What this task involves: The material below holds the lines to copy: from the one with "Reunion of Ten Coins (Maiorina,..." up to and including the one with "New 2026 MAZDA MAZDA3 s Sport FWD image 2". Copy them exactly and skip the pictures.

Records for this task:
········

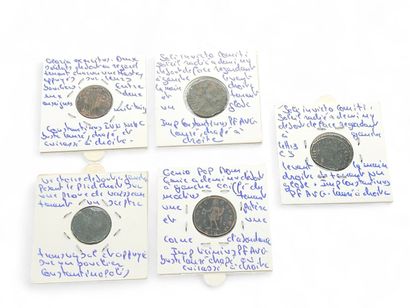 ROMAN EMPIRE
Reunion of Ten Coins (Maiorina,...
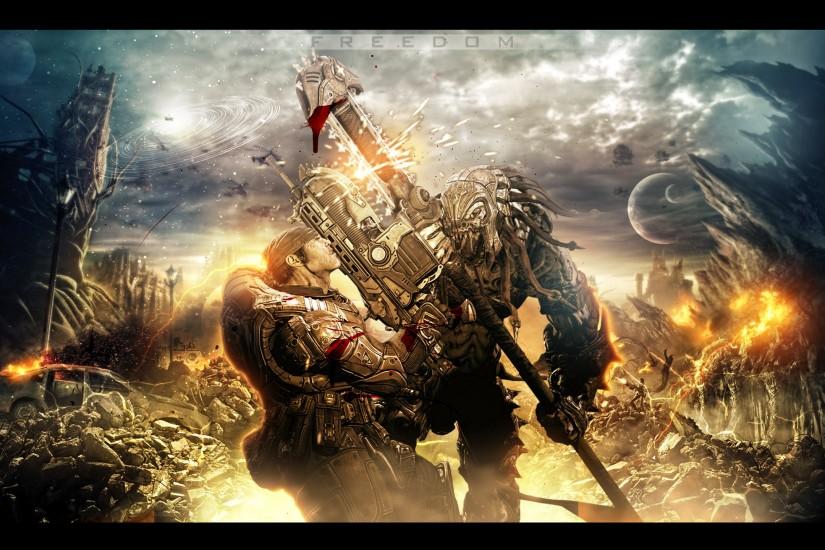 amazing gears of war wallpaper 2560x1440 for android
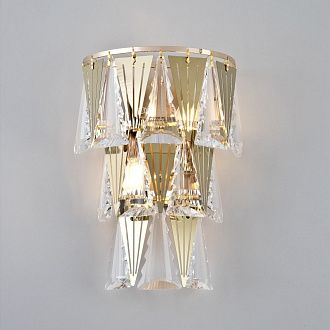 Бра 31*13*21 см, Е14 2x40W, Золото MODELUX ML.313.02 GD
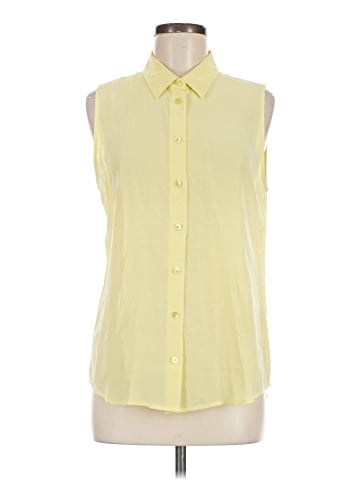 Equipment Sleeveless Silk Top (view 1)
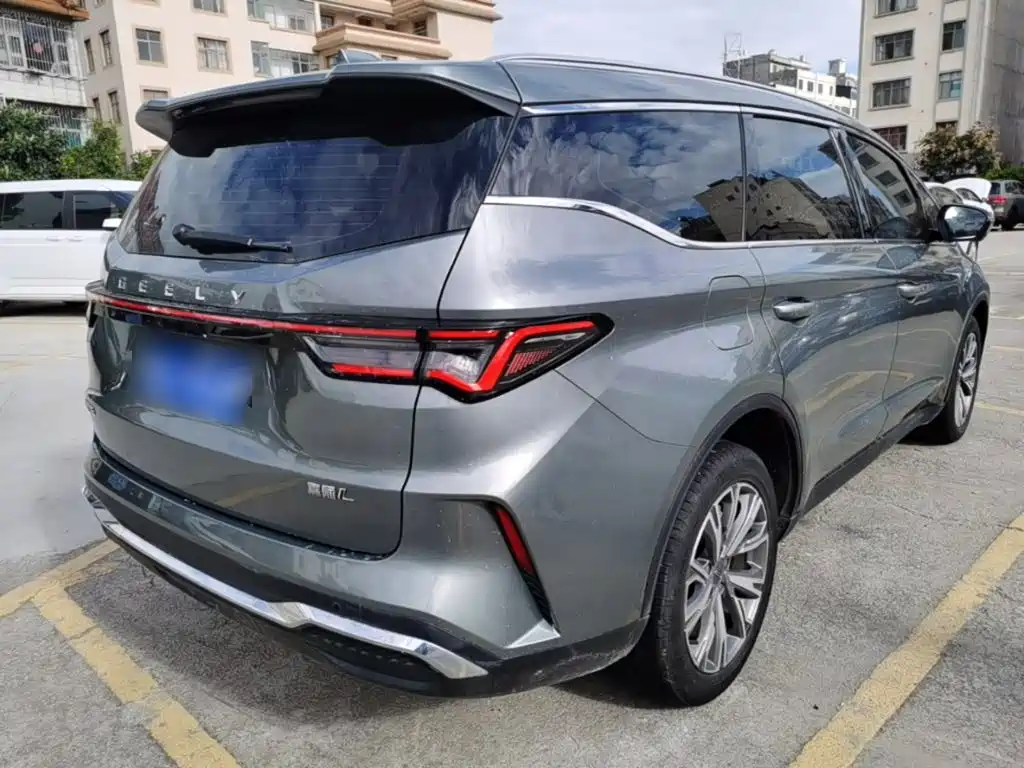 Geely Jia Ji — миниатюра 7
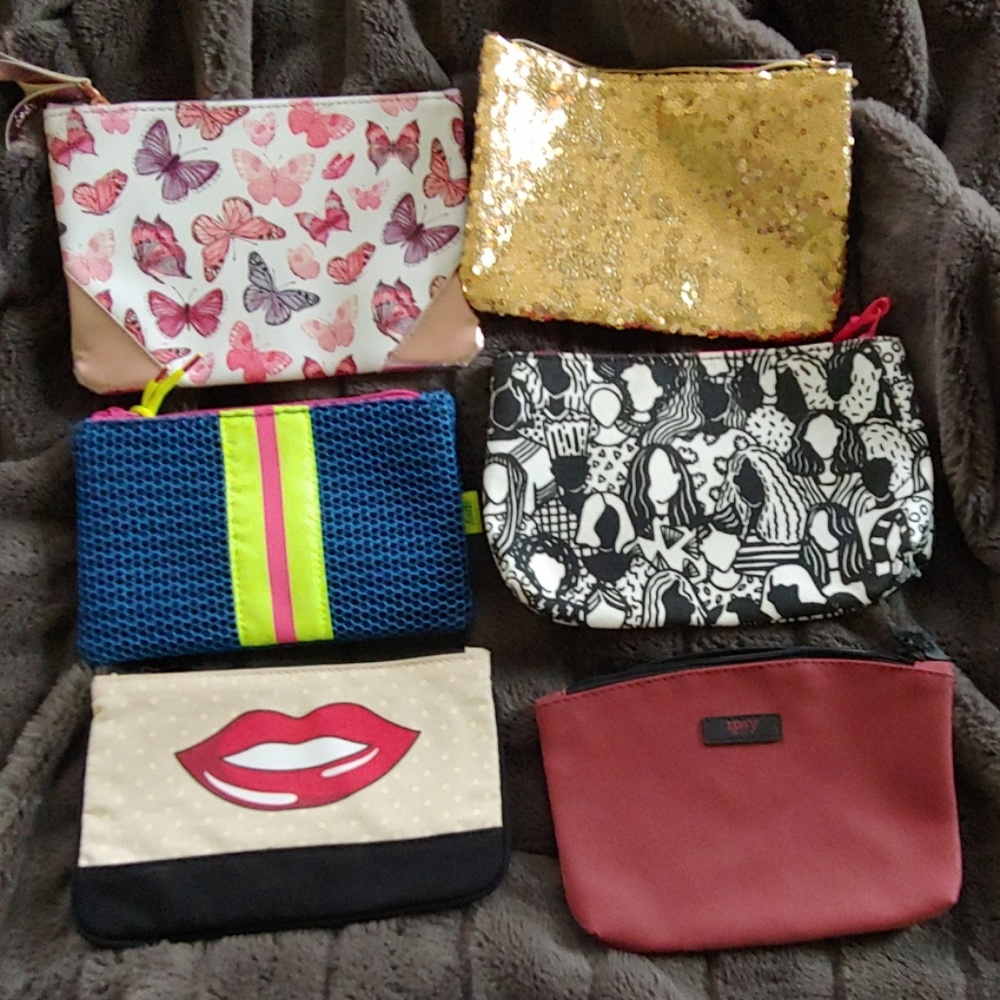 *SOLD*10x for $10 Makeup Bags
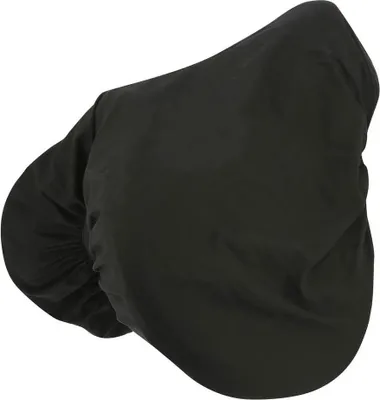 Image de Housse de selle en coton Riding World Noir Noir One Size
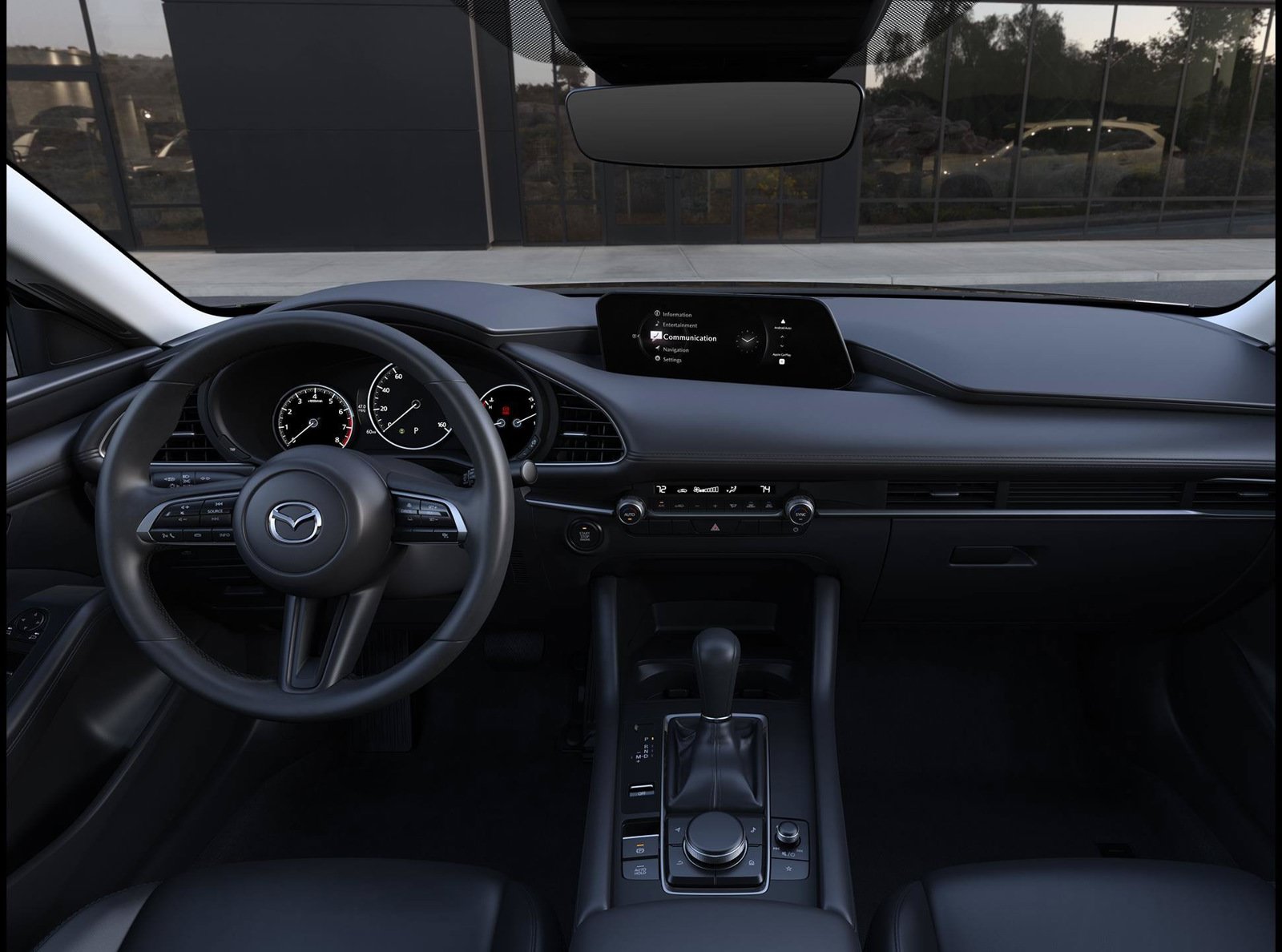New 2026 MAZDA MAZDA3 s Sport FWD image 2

········

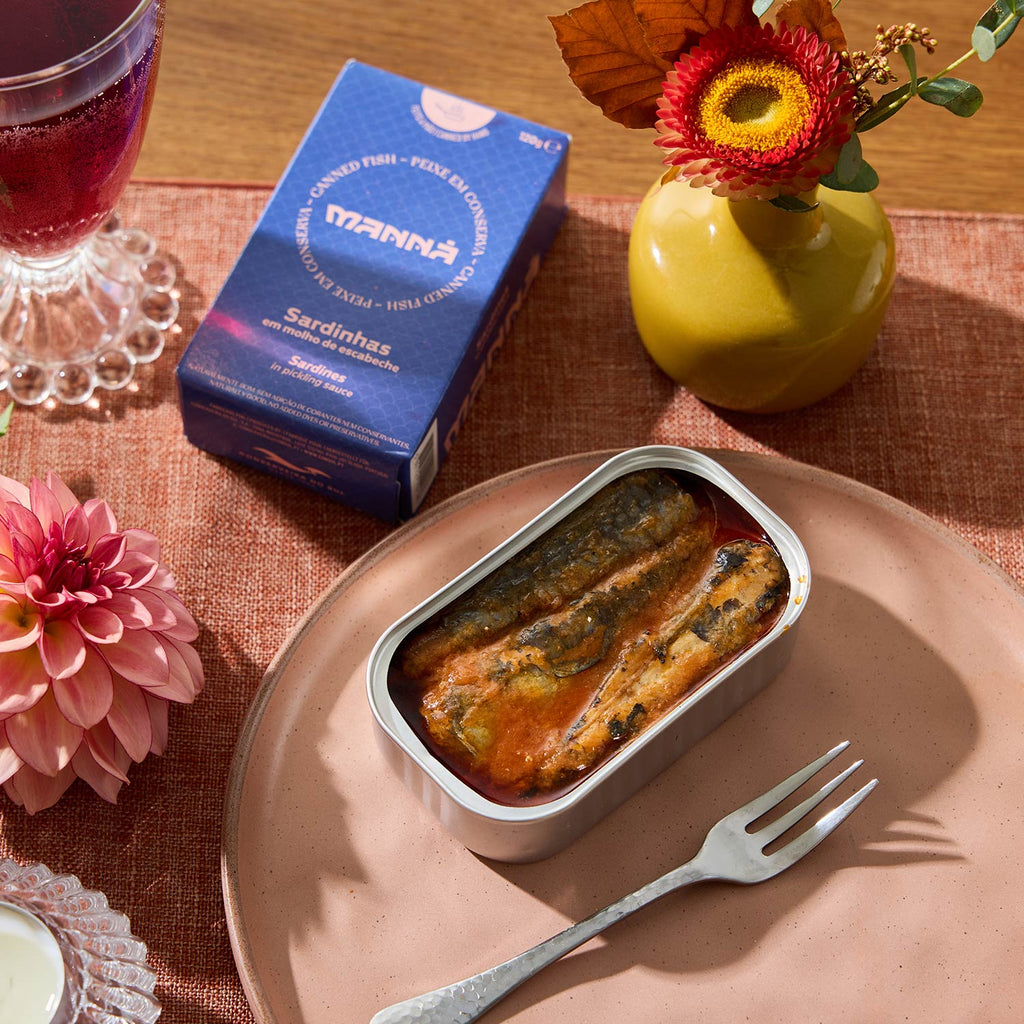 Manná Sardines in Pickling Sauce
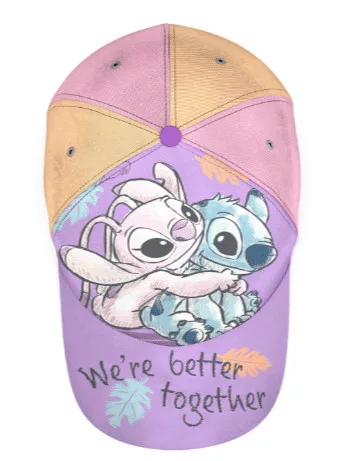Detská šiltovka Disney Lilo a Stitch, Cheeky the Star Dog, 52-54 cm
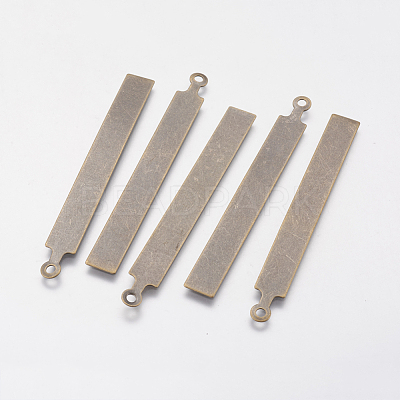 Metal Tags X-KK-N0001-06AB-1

········

Result for this task:
Reunion of Ten Coins (Maiorina,...
 amazing gears of war wallpaper 2560x1440 for android
 Бра 31*13*21 см, Е14 2x40W, Золото MODELUX ML.313.02 GD
 Equipment Sleeveless Silk Top (view 1)
 Geely Jia Ji — миниатюра 7
 *SOLD*10x for $10 Makeup Bags
 Image de Housse de selle en coton Riding World Noir Noir One Size
New 2026 MAZDA MAZDA3 s Sport FWD image 2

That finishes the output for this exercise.